Characterization of the carbohydrate portion of glycoproteins in a high-throughput, cost-efficient manner presents myriad technological challenges. Unlike the linear peptide components of these molecules, carbohydrates can be complex, branched structures containing monomeric units that may link an oligosaccharide to a protein at more than one site.
Furthermore, a single sugar molecule can attach to multiple other sugars, and more than one oligosaccharide can attach to a single glycosylation site on a glycoprotein. Oligosaccharides can also contain a number of different sugar residues, some of which may have an identical mass, complicating molecular weight-based analyses.
“An oligosaccharide composed of three monomeric units can have 64,000 potential isomers,” said Fan Xiang, Ph.D., application development scientist at Shimadzu. All of these factors contribute to the complexity of glycosylation profiling, which encompasses a determination of the carbohydrate composition of a glycoprotein and the identity and structure of the various glycan isoforms.
Conventional HPLC and mass spectrometry (MS) technology have been sufficient for more qualitative analysis of the carbohydrate structures added on during post-translational modification (PTM) of a protein, but they have limitations when it comes to quantitative and structural analysis of glycosylation.

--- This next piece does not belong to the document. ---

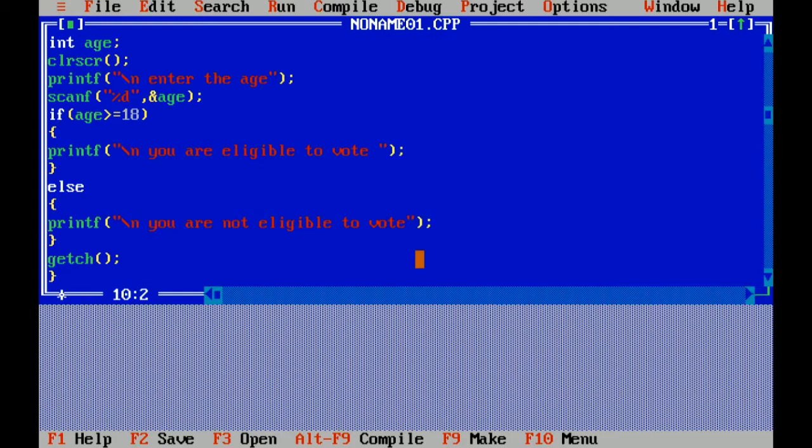Here I have put the condition, if age is greater than or equals to 18. If it is a conditional statement, we check the condition. If age is greater than or equals to 18, you are eligible to vote. If condition is true, first part will execute. If condition is false, else part will execute.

“Most groups doing glycan analysis only have MS2 capability,” explained Dr. Xiang, and they are “still struggling to see glycan structure.” Tandem mass spectrometry (MSn) techniques are increasingly being used to define detailed glycan structures—these include MS2 and MS3 approaches, and up to MS5 for more complex isoforms.
“Tandem mass spectrometric experiments have revealed that oligosaccharides might have characteristic signal-intensity profiles that depend on the glycosidic linkage and branching structures,” added Dr. Xiang. By developing an MS spectral library of structurally defined oligosaccharides, MS profiling strategies can then be used to compare the MSn spectra from an experimental analyte to the glycan spectral library, enabling identification of the carbohydrate structure and isomeric components using comparative peak analysis algorithms.
Dr. Xiang and colleagues at Shimadzu collaborated with researchers in the department of chemistry at the University of Michigan, Ann Arbor, on research presented at the ASMS meeting in Salt Lake City. They described the use of MALDI-QIT-TOF MS technology to determine the N-glycan structure of human CD24, a small glycosylphosphoinositol-anchored protein involved in signal transduction in T cells and immune-system activation. ]
The carbohydrate portion of CD24 and, in particular, the negatively charged sialic acid moieties on the sialylated N-glycan structures are believed to mediate protein-protein interactions involving CD24.
Deglycosylation of CD24 with PNGase F was followed by N-glycan purification on a porous graphitized carbon column. Half of the N-glycan fraction isolated was subjected to in-column permethylation. MALDI-QIT-TOF MS was used to analyze both the natural and permethylated N-glycan fractions, and the untreated fraction was analyzed in both positive and negative mode. Using this technique, the researchers identified seven carbohydrates, including three sialylated N-glycans.
From a drug development and regulatory perspective, glycosylation profiling presents additional challenges, noted Dr. Xiang, as there is no agreement or formal documentation on how to submit glycan structure data as part of a regulatory filing.